Background: Previous studies on recurrence of Kawasaki disease (KD) have mostly been limited to Japan, which has an incidence of KD 8–10-fold higher than North America. The aim of the present study was to determine the rate of KD recurrence for patients in Ontario, to identify factors potentially associated with increased odds of recurrence, and to compare the clinical course and outcomes of index and recurrent KD episodes.
Methods: Review was undertaken of all patients with recurrence of KD identified in Ontario, Canada, from 1995 to 2006. All patients with recurrence of KD (defined as at least three clinical signs of KD in addition to fever ≥5 days), presenting ≥14 days after the return to baseline from the index episode were included.
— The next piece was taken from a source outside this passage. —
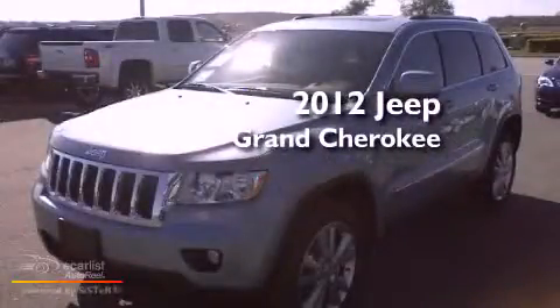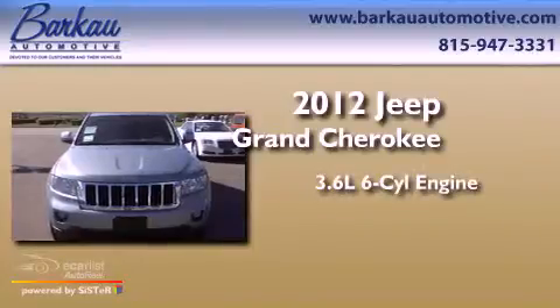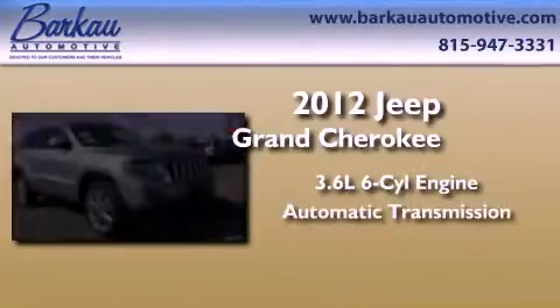This is a brand new 2012 Jeep Grand Cherokee. It has a 3.6-liter six-cylinder engine and an automatic transmission.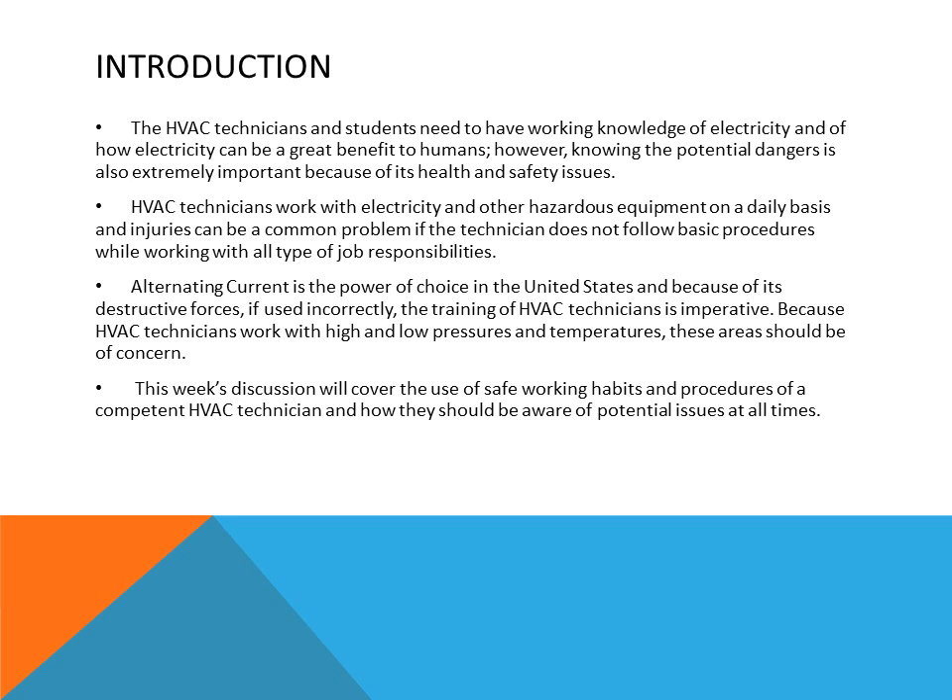Because HVAC technicians work with high and low pressures and temperatures, these areas should be of concern. Therefore, this week's discussion will cover the use of safety working habits and procedures of competent HVAC technicians, and how they should be aware of potential issues at all times.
Results: A total of 1010 patients were followed for 5786 patient-years. During this period a total of 17 recurrent episodes in 16 patients were identified at a median of 1.5 years after the initial episode (2 weeks–5 years). Rate of recurrence of KD was 2.9 episodes/1000 patient-years, which is higher than the expected annual incidence of KD in the same age group (26.2/100 000 per year). No factors associated with increased risk of recurrence were identified, perhaps due to the small number of events. Clinical course and outcomes of the index and recurrent KD episodes were similar.
Conclusions: A previous history of KD should increase the index of suspicion for future episodes of KD to allow for rapid recognition, treatment and to achieve optimal outcomes.